Elbourn judgment could prove catalyst for further claims
This is a tactic which we understand has only been used once before, by IT contractor John Williams in the case Williams v Hewlett Packard Ltd & Anor (2002). However, Martyn Valentine, director of IR35 specialists The Law Place – who advised Elbourn – believes this outcome could open the floodgates for many similar claims:
“It’s surprising that this route has only been rarely experimented with before. Obviously, use of the employment tribunal system would appear contrary to normal thinking for a contractor who typically goes to lengths to prove their outside IR35 status.
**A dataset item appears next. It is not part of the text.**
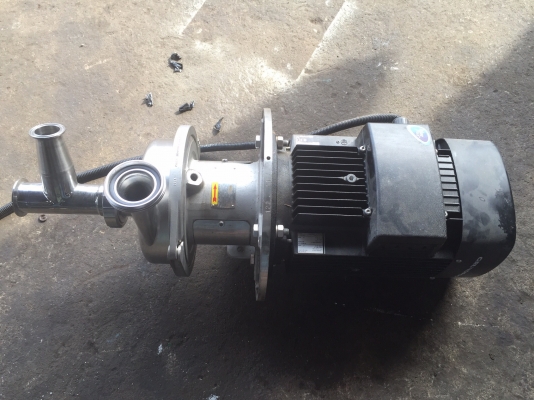 ขายปั้มน้ำ 5แรง ไฟ380 ตัวปั้มเป็นสแตนเลส ใช้งานได้เลยครับ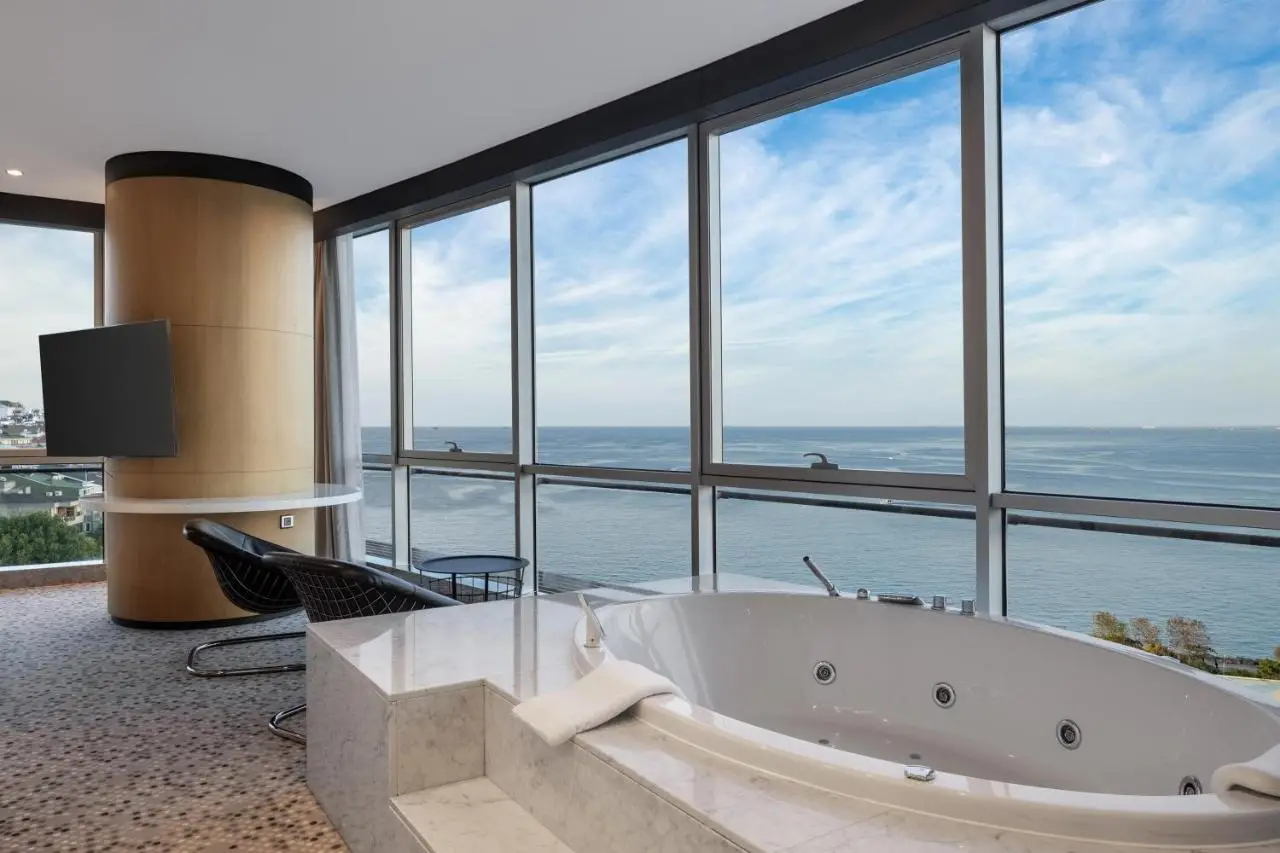 DoubleTree By Hilton Istanbul - Moda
“But, as this case has shown, it can be used to help secure fair tax treatment for contractors who really have nothing to lose. If the Judge decides that they are self-employed, they will be outside IR35 and receive a refund of overpaid tax. If the Judge deems them to be employed, then they at least manage to secure employment rights. This could prove the catalyst for many similar claims.”
CEST assessment rejected by Judge
In a webinar delivered to NHS Trusts, HMRC’s IR35 policy advisor Mark Frampton stated that the client “is often best placed to judge whether the person would have been an employee or self-employed”. According to Chaplin, this outcome provides irrefutable proof that this is not true:
“The client aided – or rather hindered – by CEST, arrived at an assessment which was directly opposed to that reached by an employment tribunal Judge. It goes to show that end hirers are not well informed enough to make accurate status decisions, especially when they are encouraged by HMRC to overlook the individual contract and working practices.”
Chaplin adds: “Though HMRC continues to champion CEST’s accuracy, we now have the first of what I expect to be many cases where a Judge makes a status decision that contradicts CEST. This case adds to the mound of evidence already available demonstrating that HMRC’s tool is woefully inaccurate.”
Tribunal ruling ‘a serious issue for HMRC’
While great news for contractors, this outcome will surely prove disastrous for HMRC, as well as non-compliant contractor clients and agencies, as Valentine explains:
“This exposes a seismic hole in the legislation. It’s a serious issue for HMRC concerning the drafting of Chapter 10 that a contractor can make an employment status claim when outside IR35, potentially forcing the respondent to argue a position that puts them in jeopardy of having to refund significant deductions from the contractor’s income.
“The judicial impact could be considerable when you think about the costs that public authorities incur when defending against these cases. Then you consider that HMRC would have to refund the tax deducted by respondents who will have to pay the contractors. This could get very messy, very quickly for HMRC, but it will be a mess of its own making.”
He concludes: “This should also serve as a stern warning to clients and agencies who are happy to enforce incorrect tax treatment on contractors, and who fail to carry out a proper status assessment.”